As much as we might like to deny it, electric vehicles have long been associated with a latte-sipping, inner-suburbs lifestyle. It’s not anybody’s fault, we aren’t pointing fingers, but the point remains: EVs just aren’t viable yet for large swathes of regional Australia. The infrastructure hasn’t been built to enable rural Aussies to travel long-range without using a combustion engine. Not to mention EV design thus far has been consistently urban-focused — but that might all be about to change.
Tesla fans were greeted last month by a surprise teaser for a “cyberpunk truck” at the reveal event for the upcoming Model Y — not that anyone noticed. Elon Musk and his team hid the image so well that none of the attendees picked up on it. Although in their defence, that might be because there’s very little to see:
Most Aussies would scoff at the idea of a “pickup truck” making its way Down Under, but let’s be realistic: there’s a very good chance this will be the closest thing we get to an EV ute for the foreseeable future. That said, we still know almost nothing about it — even which end of it the teaser image is showing. The prevailing theory so far seems to be that the image is aimed at the vehicle’s rear. Reddit user u/waytomuchsparetime created the following projection based on that assumption:
This kind of design is much more like the utes we’re used to seeing, and could potentially sway a large segment of the tradie and ute enthusiast crowd. All that space in the bed could be optimised to hold enough batteries for some serious range potential, and Elon Musk has already hinted that it will dwarf the towing strength of its combustion competition.
But all that is conjecture until we get the full picture (quite literally).
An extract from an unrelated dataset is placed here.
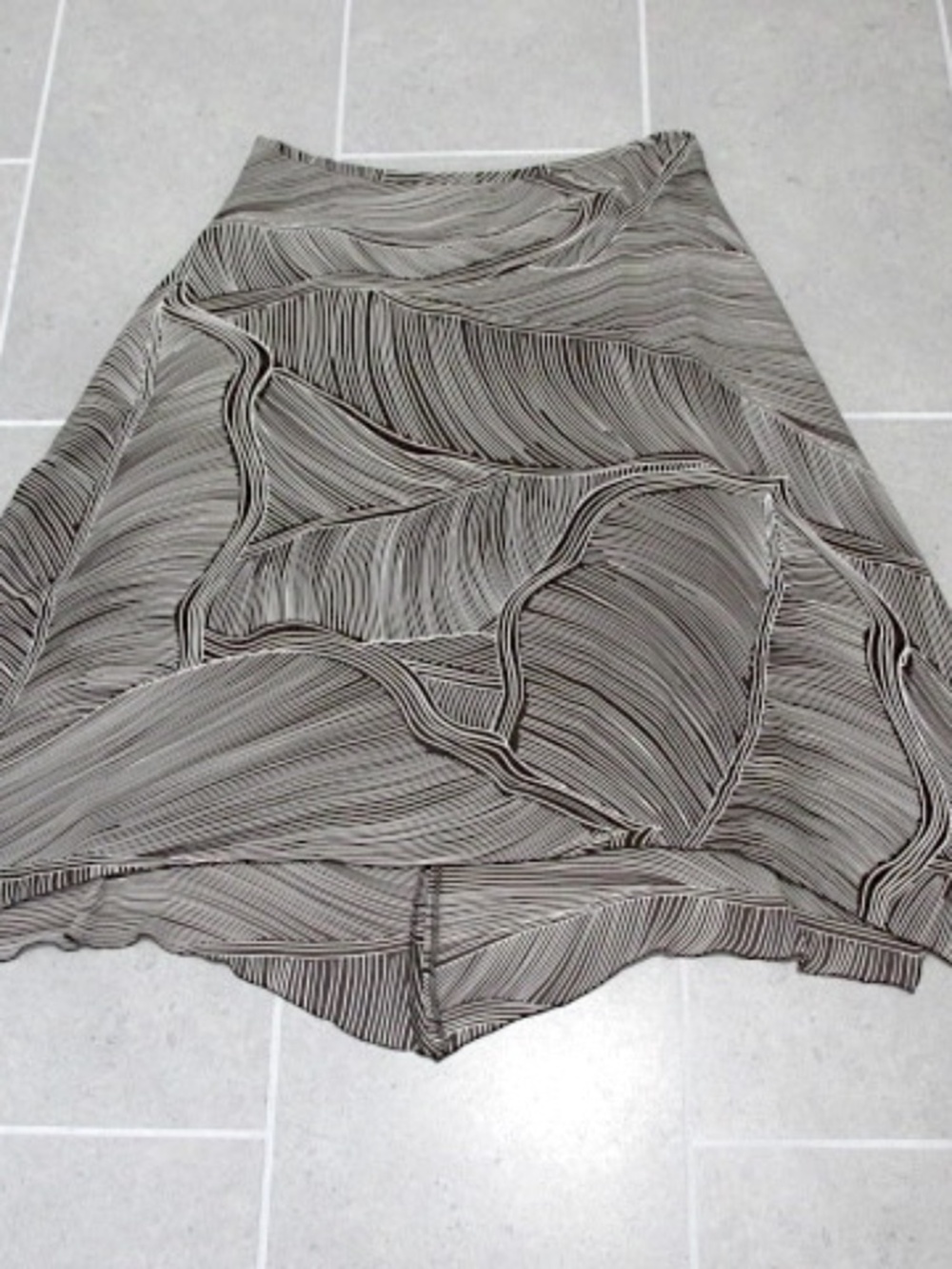 Nygard Brown White Abstract High-Low Midi Skirt, Size 16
The full reveal of Tesla’s “cyberpunk truck” is expected to take place later this year and should answer most questions. For a more concrete example right now, we can look to the electric Ford F-150 prototype sighted in the US last week:
Once again, this is clearly a test vehicle and hasn’t even been announced, but the evidence seems to suggest that Ford are seriously considering an electric variant for their US pickup trucks. This would suggest the possibility of a corresponding EV ute making its way here sometime in the next few years. But would it be worth it?
I can hear the cries now: “Aussies will never buy an electric ute!” “Diesel or no deal!” And yes, we do have to concede that a portion of the Australian population remain principally opposed to buying an EV, particularly in rural areas. However there are a few criteria that, if met, could persuade even the most passionate Big Engine adherent: price and practicality.
First of all: price. This is a big one for Australians regardless of where they live, and that’s unlikely to change. History has shown that EVs will likely remain expensive up-front for several years, but the significant savings on maintenance and on-road costs will make them seriously attractive for regional customers once the vehicles’ range and available infrastructure is up to the task.
The Toyota Landcruiser Prado — one of Australia’s most popular cars for regional customers — requires servicing every 10,000 km’s (or 6 months) and uses 7.9L of diesel per 100 km in ideal conditions. That’s after an already-costly $77,990 RRP, so it’s not hard to see why regional drivers would love the significantly reduced on-road and maintenance costs of an equivalent EV.
EVs also have significant benefits for hard-working vehicles like utes & 4WDs, many of which your average petrolhead is unlikely to know about. Firstly, they deliver 100% of their torque from the get-go, as opposed to the slow buildup experienced by combustion vehicles. This provides enormous potential for towing and carrying heavy loads, something farm & trade vehicles are frequently required to do.
They also provide an advantage specific to workhorse vehicles: weight distribution. Providing adequate bed-space for utes has historically come at the cost of poor traction on the rear wheels; you just can’t fit major combustion components back there without sacrificing significant amounts of space. EV battery packs, however, are extremely dense with a low profile, allowing for positioning below the bed without infringing too far into it.
These are exactly the kind of advantages that common sense Aussies love to see. Our love affair with big diesel engines wasn’t born out of blind masculinity, it came about because they were the best at tackling the challenges of Australian industries and our environment. If EVs can do the same job better, we might just see those old attitudes change.